The region on both sides of the Santa Cruz River was first settled in the 17th century by a number of ranches and haciendas scattered throughout the area. During the great Pueblo Revolt of 1680 the colonist fled or were killed by the neighboring Tewa Pueblo Indians. With the Spanish gone, the Tano Pueblos of San Lazaro and San Cristobal, formerly located in the Galisteo Basin, relocated at two sites opposite each other on the Santa Cruz River.[2]

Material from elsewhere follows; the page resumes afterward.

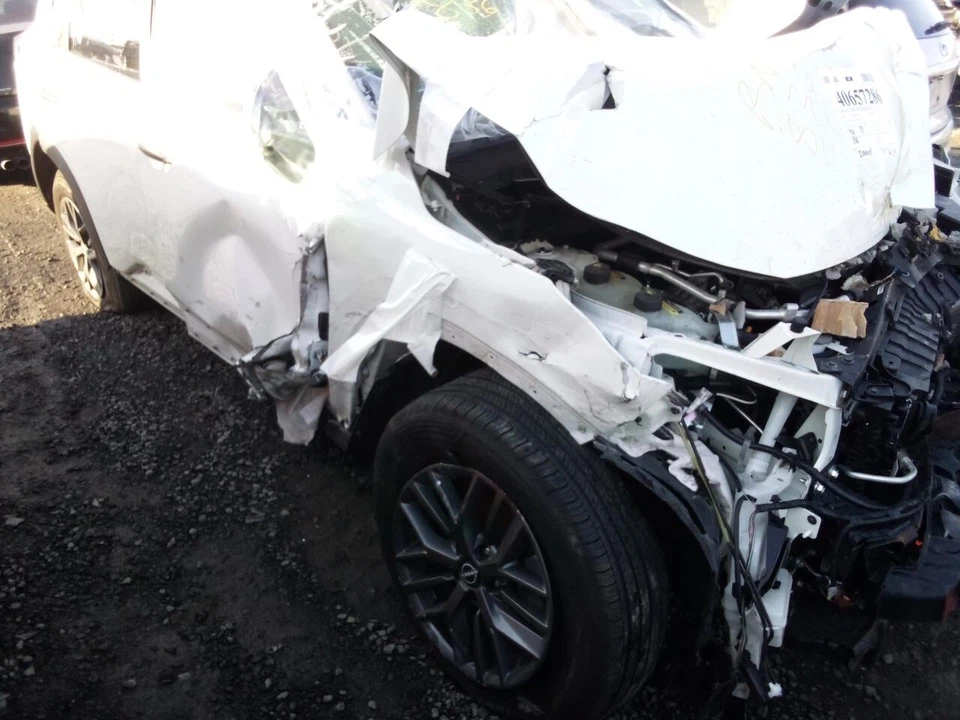 Used Fuel Injection Throttle Body fits: 2022 Nissan Rogue 1.5L intake mounted af - Image 4 of 4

In 1695 General Diego de Vargas Zapata Lujan Ponce de Leon reoccupied the valley and ordered the Indians of these villages to move. The land was granted to sixty Spanish families brought to New Mexico by Fray Francisco Farfán in 1694. They settled ‘’La Villa Nueva de Santa Cruz de Los Españoles Mexicanos del Rey Nuestro Senor Carlos Segundo‘’ on April 21, 1695.[2] In October, 44 families, from Zacatecas joined them. These settlers left the area by 1700 and were replaced by the New Mexico families from the old ranchos.[2] In 1706, the village had a small church, but this structure proved to be inadequate and in June 1733, Governor Gervasio Cruzat y Gongora granted the inhabitants of Santa Cruz permission to build a new church.[2]